Microsoft is getting rid of the last vestiges of its disastrous acquisition of Nokia’s devices division with the sale of its feature phone business to FIH Mobile, a subsidiary of Hon Hai/Foxconn Technology Group and HMD Global, Oy.

Subject to regulatory approval the deal could be worth as much as $350 million.

FIH Mobile will also acquire Microsoft Mobile Vietnam – the company’s Hanoi, manufacturing facility.

Some 4,500 employees will transfer to, or have the opportunity to join, FIH Mobile or HMD Global, Oy.

Microsoft is leaving the low-end of the market behind but that’s not completely the end of Redmnod’s interest in devices. On top of the Surface tablet and Surface Book hybrid laptop it will continue to develop smartphones, such as the Lumia 650, Lumia 950 and Lumia 950 XL, through OEM partners like Acer, Alcatel, HP, Trinity and Vaio.

Nokia sold its devices division to Microsoft in 2014 for $7.9 billion as part of then-CEO Steve Ballmer’s devices and services strategy.

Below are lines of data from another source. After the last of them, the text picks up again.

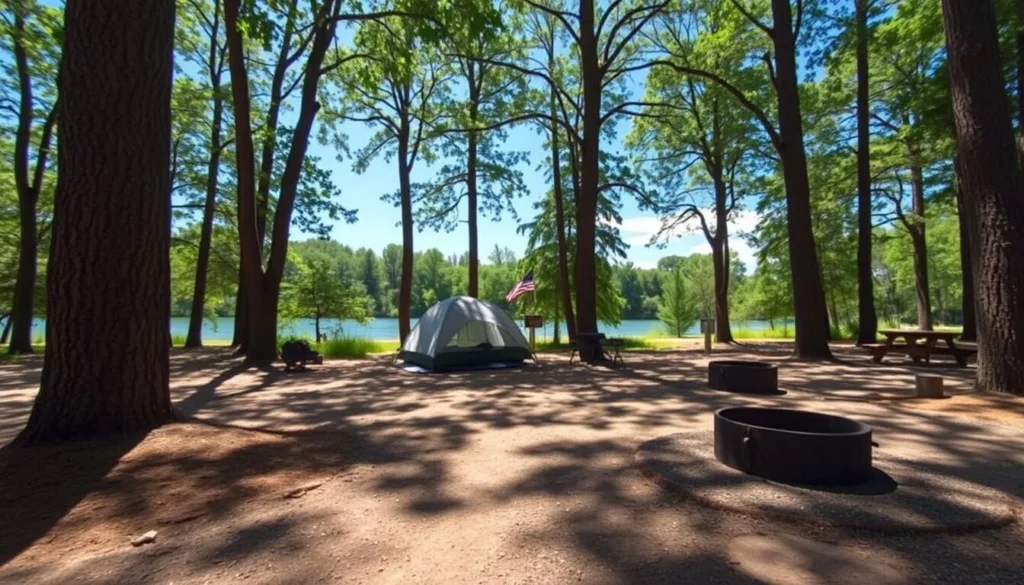 Peaceful campsite at Horseshoe Lake State Park with tent set up among trees Peaceful campsite at Horseshoe Lake State Park with tent set up among trees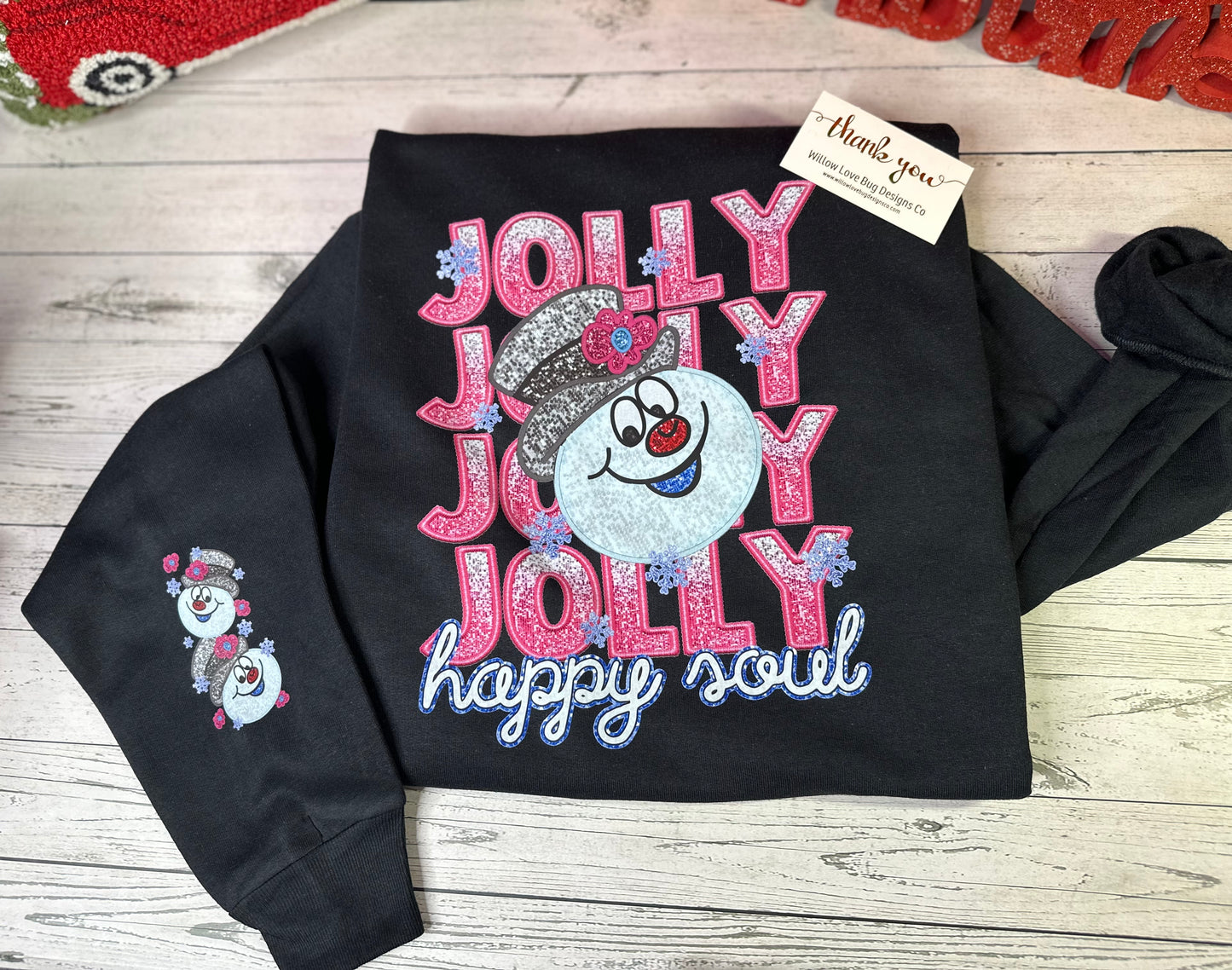 Jolly Frosty Happy Soul Crewneck - Willow Love Bug Designs 
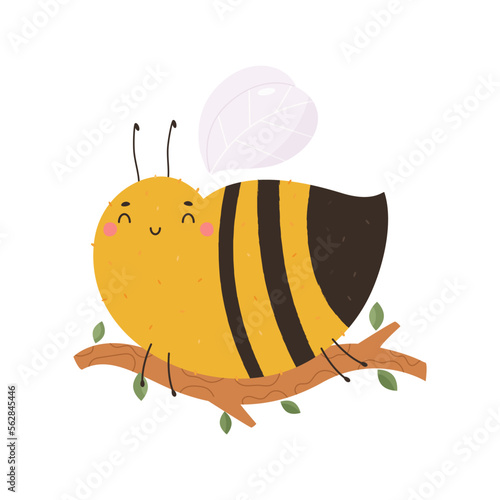 Vector illustration of a cute sleepy bee having a rest on a branch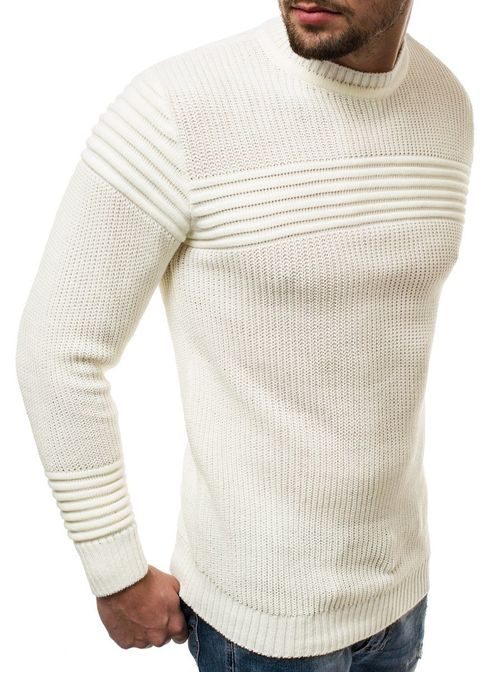 Ecru zanimiv pulover OZONEE O/6011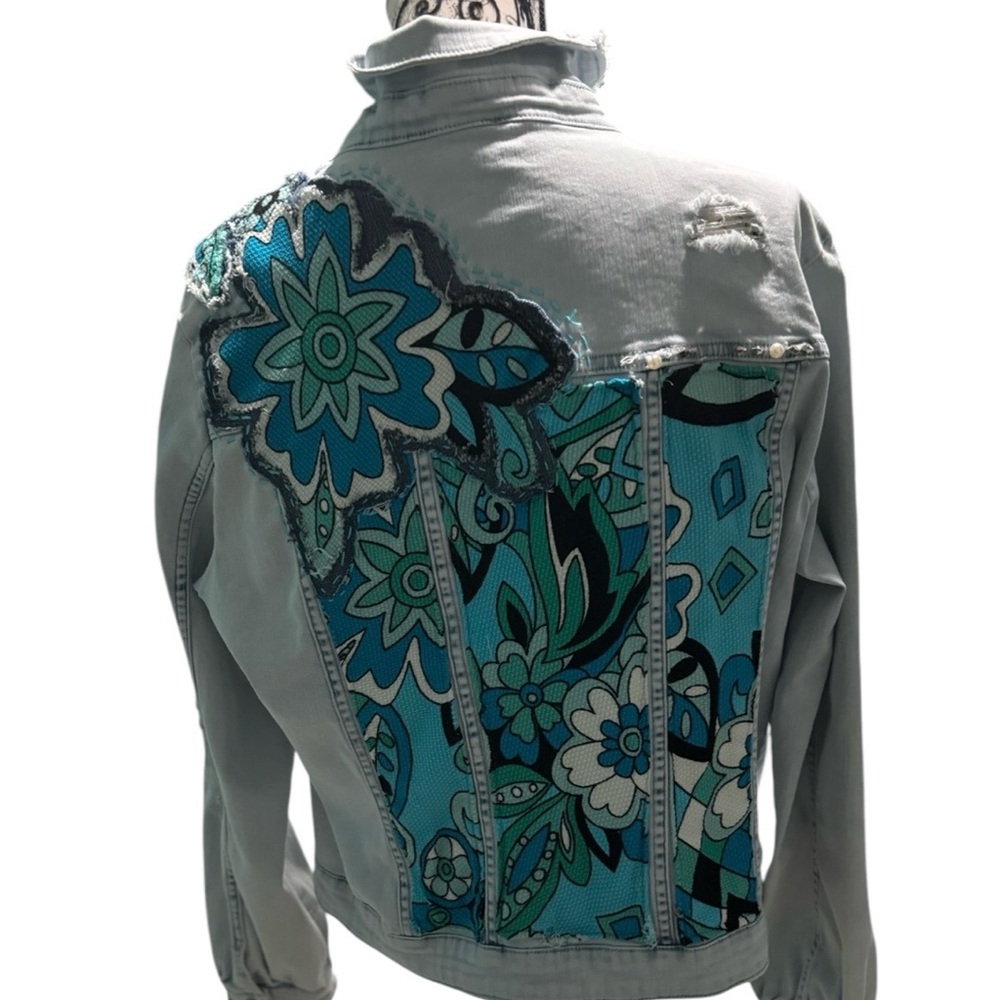 Upcycled one of a kind light denim tribal jean jacket XXL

A year later Microsoft announced the cutting of 7,800 jobs and a $7.6 billion impairment charge as a result of poor sales and new CEO Satya Nadella’s (pictured) Windows 10-centric ‘cloud-first, mobile-first’ philosophy. This meant there as no room for basic handsets incapable of running the contemporary OS.

The transaction is expected to close in the second half of 2016.